● **Task brief**
Begin at the line where "В легковику розбите лобове скло" appears and reproduce exactly every line through the end of the data below, both included, skipping pictures.

Image-text web data

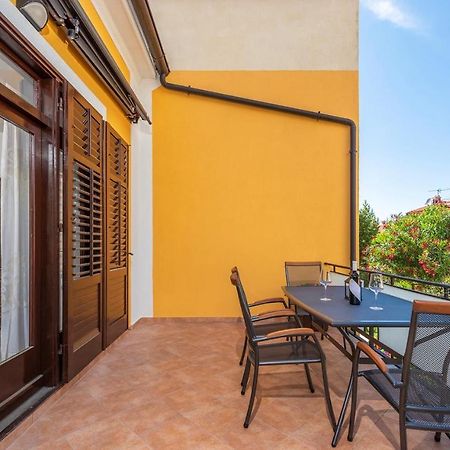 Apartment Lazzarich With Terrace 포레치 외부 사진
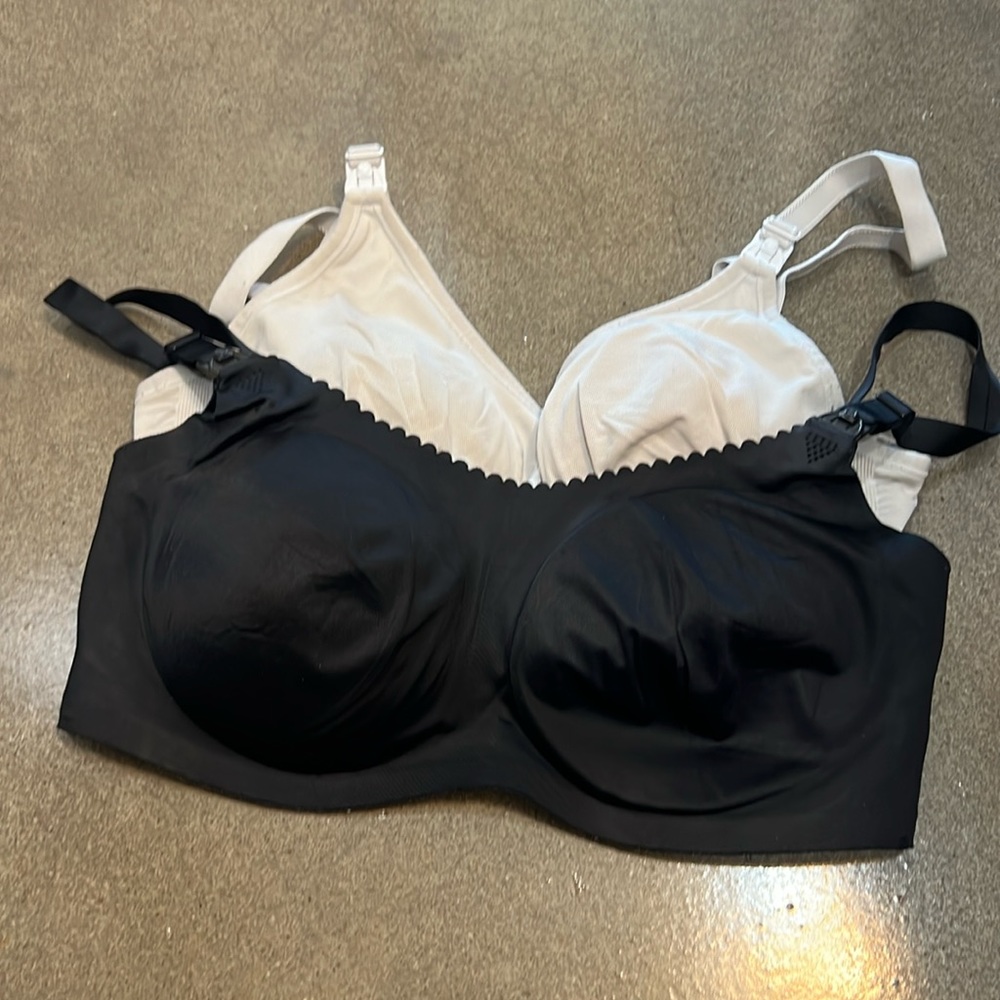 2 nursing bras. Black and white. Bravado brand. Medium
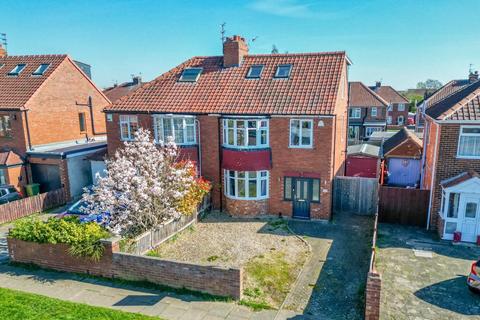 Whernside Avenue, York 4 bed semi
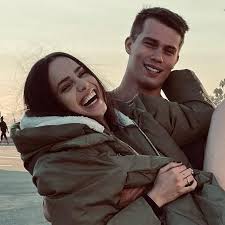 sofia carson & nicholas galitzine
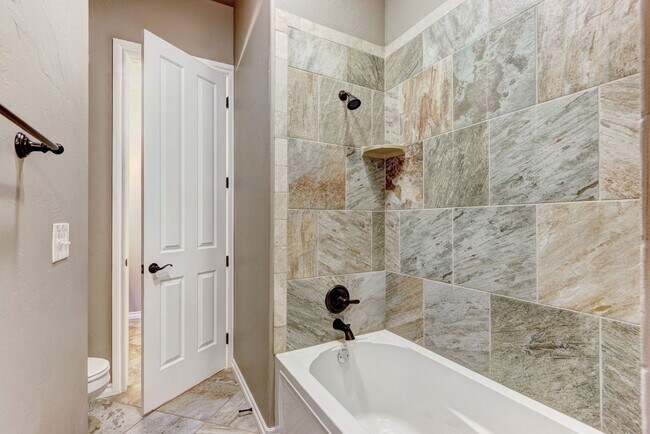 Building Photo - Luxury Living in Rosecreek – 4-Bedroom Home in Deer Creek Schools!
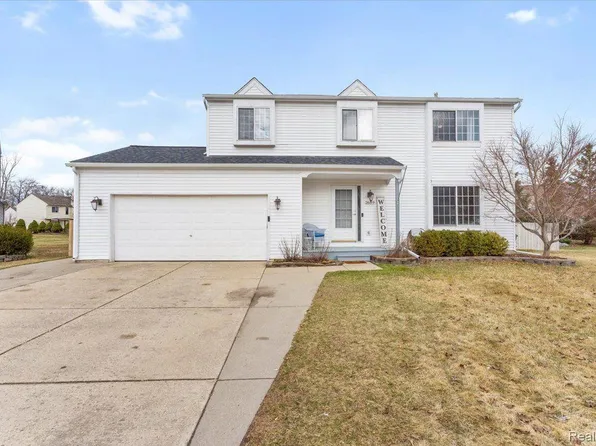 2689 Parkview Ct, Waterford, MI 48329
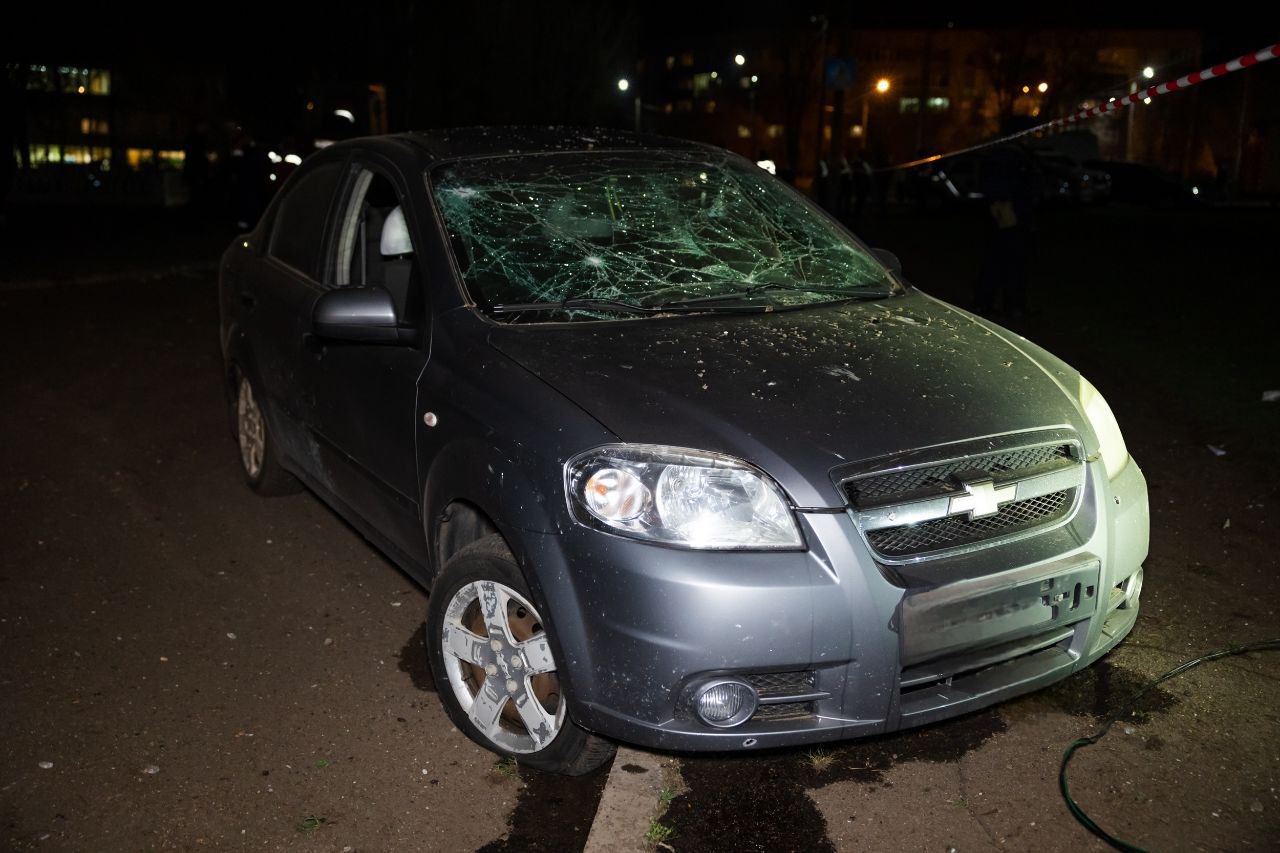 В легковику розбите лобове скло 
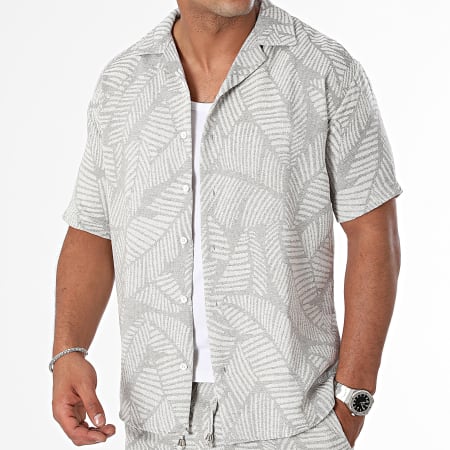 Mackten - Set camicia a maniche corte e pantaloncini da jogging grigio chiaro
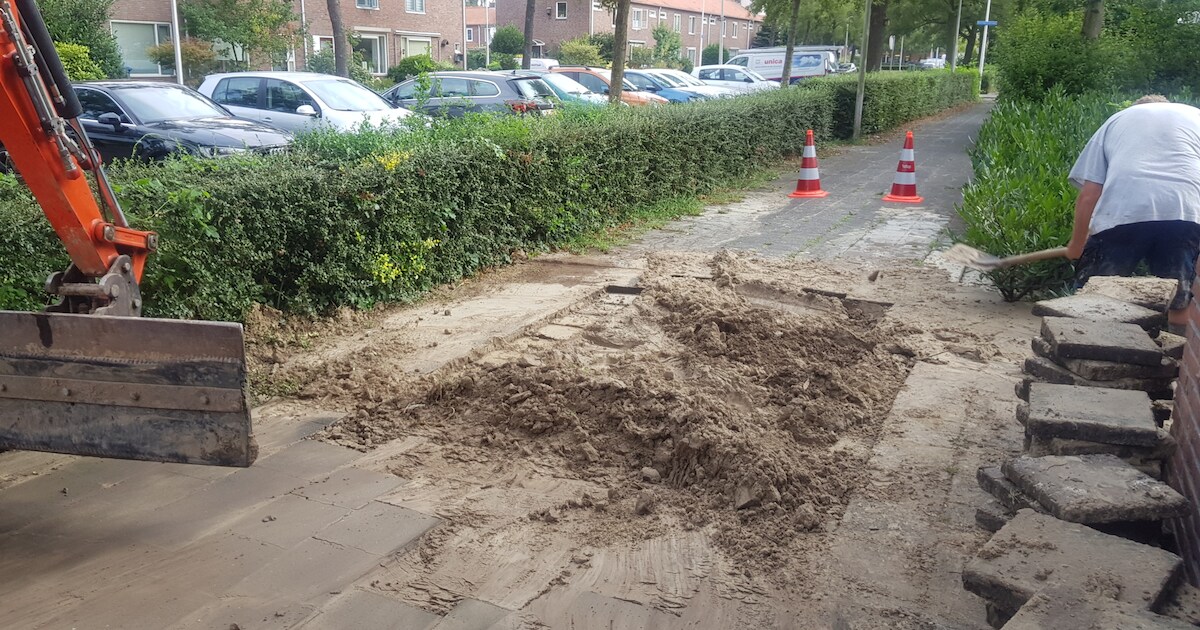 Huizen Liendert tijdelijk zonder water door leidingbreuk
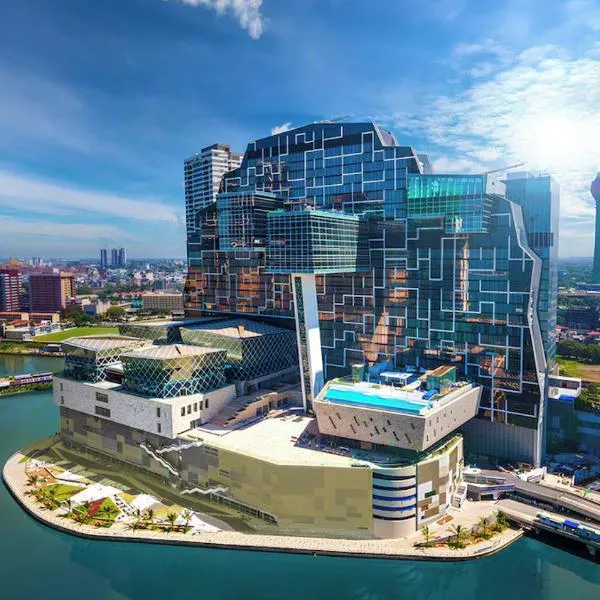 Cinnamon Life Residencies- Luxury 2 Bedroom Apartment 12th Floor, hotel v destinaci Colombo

● **Answer section**
 В легковику розбите лобове скло 
 Mackten - Set camicia a maniche corte e pantaloncini da jogging grigio chiaro
 Huizen Liendert tijdelijk zonder water door leidingbreuk
 Cinnamon Life Residencies- Luxury 2 Bedroom Apartment 12th Floor, hotel v destinaci Colombo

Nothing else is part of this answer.